■ DATA PROVIDED ■
☆ ☆ ☆ ☆

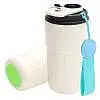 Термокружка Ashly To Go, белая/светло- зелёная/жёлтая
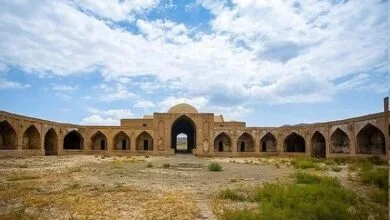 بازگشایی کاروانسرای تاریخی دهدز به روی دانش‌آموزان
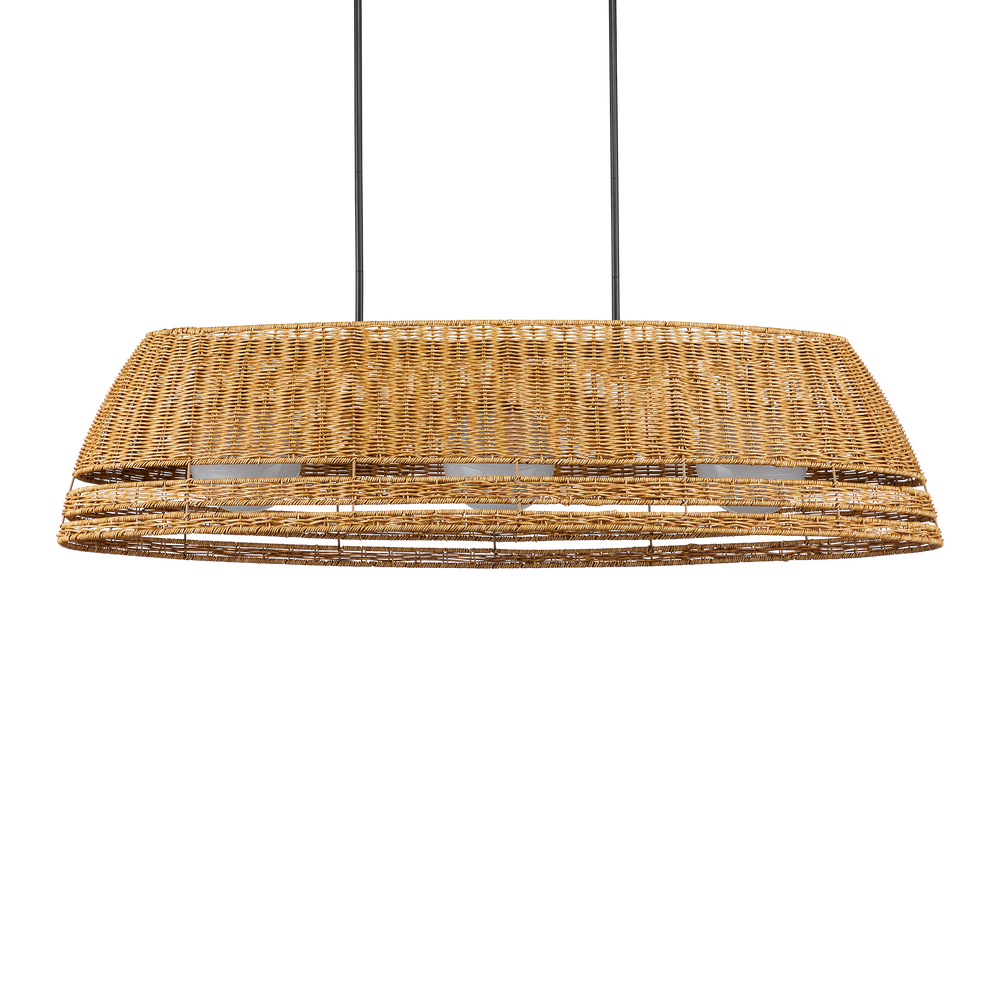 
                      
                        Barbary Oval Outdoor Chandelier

☆ ☆ ☆ ☆

■ YOUR TASK ■
Please retype the whole listing above word for word and drop the pictures.

■ REPLY ■
 Термокружка Ashly To Go, белая/светло- зелёная/жёлтая
 بازگشایی کاروانسرای تاریخی دهدز به روی دانش‌آموزان
                      
                        Barbary Oval Outdoor Chandelier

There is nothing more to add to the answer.